At the time, Walter Investment Management CEO Anthony Renzi, the company’s fourth CEO in just over a year, said he believes the company is on the right track in an effort to return to profitability.
“I believe that the strategic pillars of capital efficiency, process efficiency and new leadership along with an engaged workforce are the foundation to achieving our goals of delivering consistent profitability and sustainable growth,” Renzi said last week.
Renzi also said that the company is focusing its efforts on “caring for customers, managing risk and generating cash, with a strong emphasis on performance management and controls.”
On Wednesday, the company announced a move that will indeed generate cash flow, enough to nearly wipe out its entire third quarterly loss.
The deal involves a subsidiary of Walter Investment Management selling mortgage servicing rights to New Residential Mortgage, a subsidiary of New Residential Investment Corp., but as it so often is with these types of deals, the details are complex.
Here’s how Walter Investment Management describes the deal:
Walter Investment Management Corp. today announced that certain affiliated subsidiaries of Walter Capital Opportunity Corp. have executed a mortgage servicing right purchase and sale agreement with New Residential Mortgage, a wholly-owned subsidiary of New Residential Investment Corp, pursuant to which, among other things, Walter Capital Opportunity has agreed to sell to New Residential Mortgage MSRs relating to mortgage loans with an unpaid principal balance of approximately $10 billion and that are sub-serviced by Walter Investment’s wholly-owned indirect subsidiary, Ditech Financial.
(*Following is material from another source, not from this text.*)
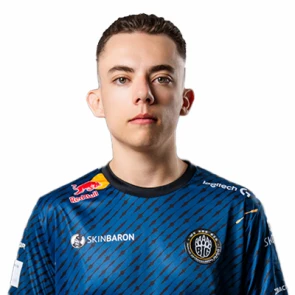 BIG Clan Krimbo Cs2 Profilbild April 2025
Walter Capital Opportunity is a private mortgage investment real estate investment trust and an indirect subsidiary of Walter Investment Management.
According to Walter Investment Management, the sale of $10 billion in MSRs represents “substantially all” of Walter Capital Opportunity’s MSR portfolio.
Also, there is an additional “series of transactions” that relate to the sale of Walter Capital Opportunity’s MSR portfolio.
According to Walter Investment Management, New Residential is expected to acquire additional MSRs that carry an unpaid principal balance of approximately $24 billion from Ditech.
This deal will be done in connection with Walter Capital Opportunity’s sale of “substantially all” of its remaining assets, including “excess servicing spread on the Ditech MSRs, which excess servicing spread was previously purchased by WCO from Ditech.”
Walter Investment Management also said that it expects that Ditech will subservice both the Walter Capital Opportunity MSRs and Ditech MSRs that are part of these deal.
So, for Walter Investment Management, the bottom line of all of that maneuvering is that the MSR deals are expected to generate approximately $90 million in cash for the company.
Of the deal, Renzi said: “As I recently discussed on our third-quarter earnings call, Walter Investment’s leadership team is focused on taking actions to enable achievement of our business goals, and to that end we are pleased to announce the execution of (these deals), which represents an important milestone with respect to the sale of substantially all of WCO’s assets and the company’s goal of strengthening its balance sheet.”